Qu’est-ce qui est invisible dans le contexte de ton travail, qu’est-ce que tu rends visible?
Nous, les humains, avons tendance à oublier que les expériences que nous vivons dans ce monde sont très limitées et déformées. Au cours de notre civilisation, nous avons délaissé l’environnement naturel pour des bulles artificielles de béton, d’asphalte et d’acier, et nous avons cessé de regarder le monde. Sans en avoir conscience, nous vivons complètement détachés du monde qui nous entoure.
Dans mes projets photographiques, je veux ouvrir les portes de ces dimensions réelles qui ont été oubliées et inviter les spectateurs à s’arrêter, à regarder de plus près et plus profondément, à réfléchir et à ressentir. Avec mes peintures, je ne cherche pas à donner des réponses, mais j’invite à se poser des questions qui sont autrement ignorées et à éveiller l’émerveillement et la curiosité sur les mystères de l’existence, de la vie, du temps, de l’espace, des souvenirs.
Ce projet visait à mettre l’accent sur les nombreux aspects qui restent invisibles. Mon intention était de mettre en évidence la connexion naturelle complexe qui existe entre les arbres de la forêt. Mais il est également lié à l’idée de trace et d’absence, à la loi universelle de l’éphémère qui revient dans la plupart de mes travaux. Les objets des tableaux sont des arbres qui ne sont plus.

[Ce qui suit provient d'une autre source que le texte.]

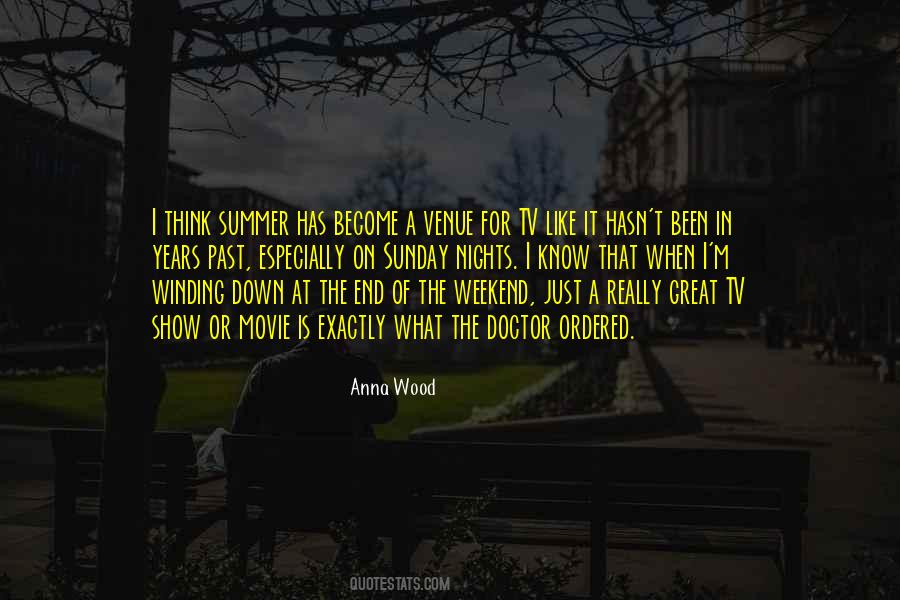 Anna Wood Quotes #1362242 Anna Wood Quotes #1362242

Enfin, le projet montre également un environnement familier dans des circonstances inhabituelles. Cette forêt est un lieu populaire où de nombreuses personnes se promènent pendant la journée. La nuit, cependant, la forêt est complètement transformée, les animaux se déplacent librement et la présence humaine disparaît complètement. En travaillant sur ce projet, j’ai passé des heures dans le silence profond de la nuit, rompu seulement par les sons des hiboux, des cerfs, des renards, des belettes et des souris, parfois à seulement quelques mètres de moi. Je suppose qu’après quelques mois de travail là-bas, ils m’ont accepté comme un autre membre de l’équipe de nuit.